GS 66 & Edelkeur 73

The Mondovino may be full of false prophets, barkers and shills but the Boudoir biscuit for irrelevant advice must go to Neil Becketts’ hideously expensive 1001 Wines To Try before You Die (Cassell, 2006) which lists the George Spies 1996 Cabernet [sic, should be ’66 as per headline, see comment below!] as one of the chosen few. Of course it was only included as Wine Spectator had raved about it, scoring it 95/100 and confirming that “expert” and “foreigner” are synonyms in the local spittoon.
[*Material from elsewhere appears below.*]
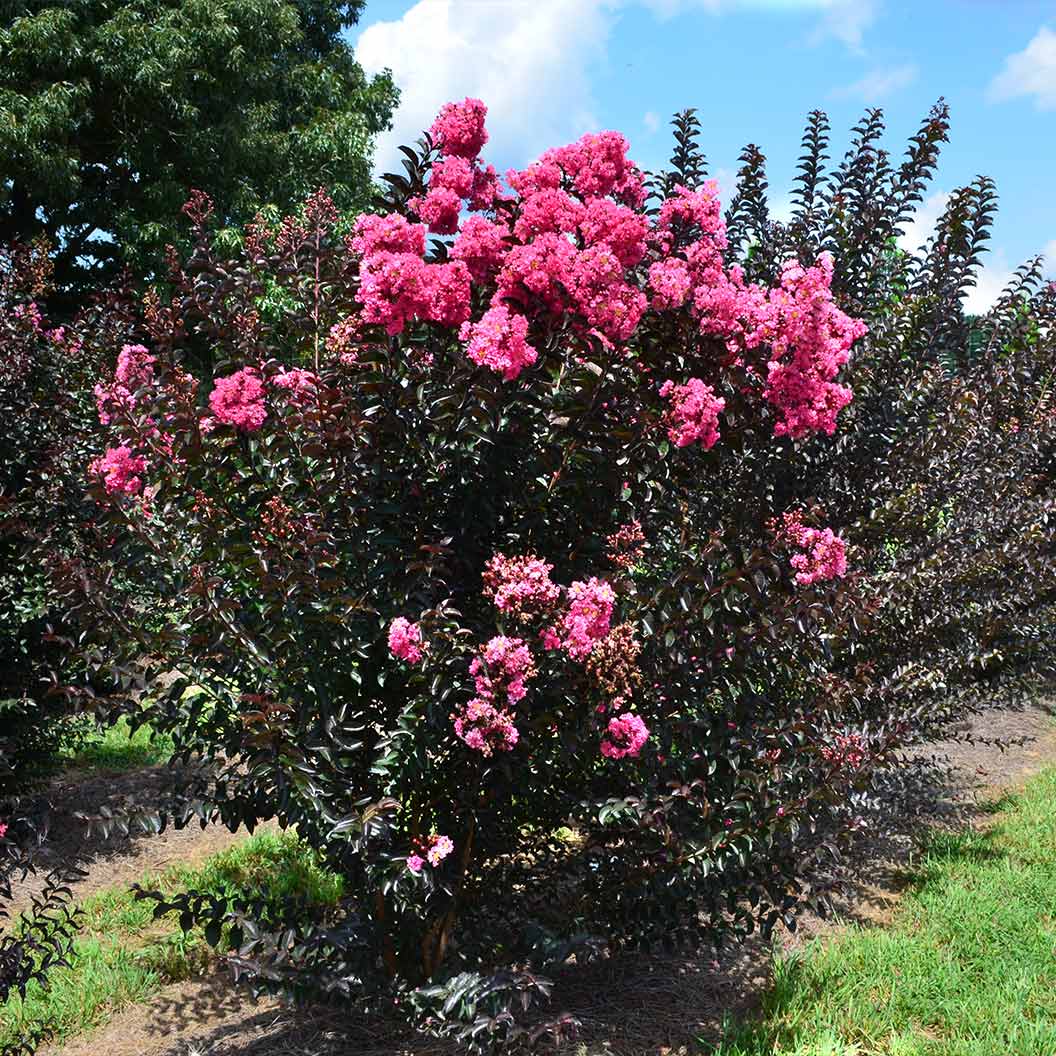 First Editions® Twilight Magic™ Crape Myrtle - Image 2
What a cop out, I thought, to include a +40 year old Cab you’ve never heard of in a book of lists. Yet like albums by the late Jimi Hendrix and bottles of Château Margaux 1945, there seems to be a secret stash somewhere as two friends, Emile Joubert and Michael Olivier, the biggest wine writers in the business, each gave me a bottle recently.
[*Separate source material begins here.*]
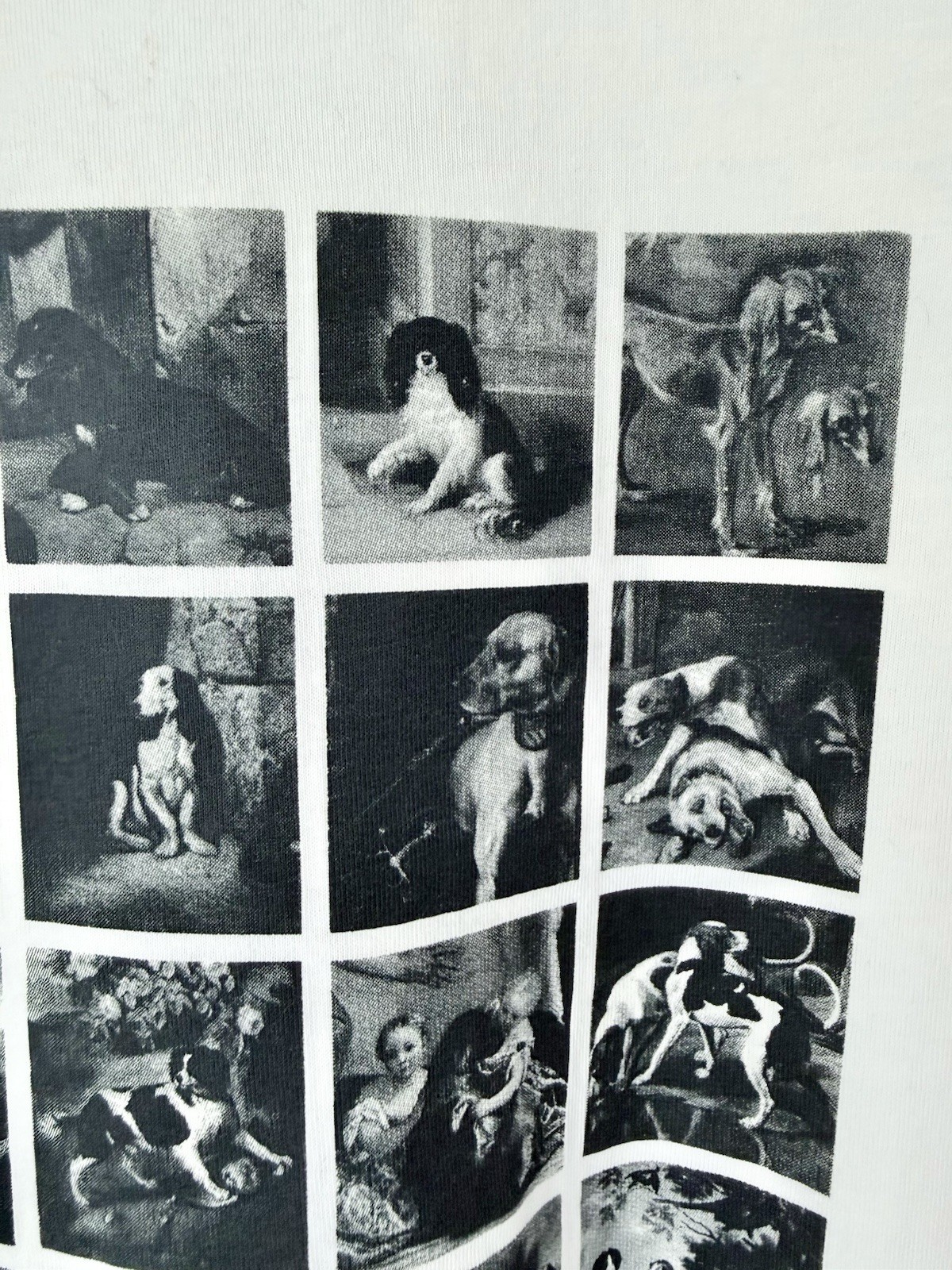 Uniqlo UTGP Louvre Museum Dog Art Graphic Tee White Size L | Paws of the Louvre gallery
So off to the biggest chef in Cape Town (Big D at Chef in Rose Street) for some pasta featuring a sauce made with a “handsome admixture of anchovies” (as Uriah Heep might say) to put George through his middle-aged paces. Ok, so the nose was a tad oxidized but the palate was a glorious explosion of fruit. A real Mr. Bojangles wine.

Bid D takes on the GS

Probably made by Jean Parker from fruit probably grown on Altydgedacht, sticking to the Durbanville theme we followed up with a Nederburg Edelkeur 1973 made from botrytis Chenin Blanc probably grown on the same farm. Capsule removed, the tired cork plopped into the wine and Big D had sloshed half the bottle into the flowerpot before I could stop him.

The colour of Coke, it was delicate, ethereal and a total triumph. Maybe Neil Beckett should consider it for the next edition of 1001.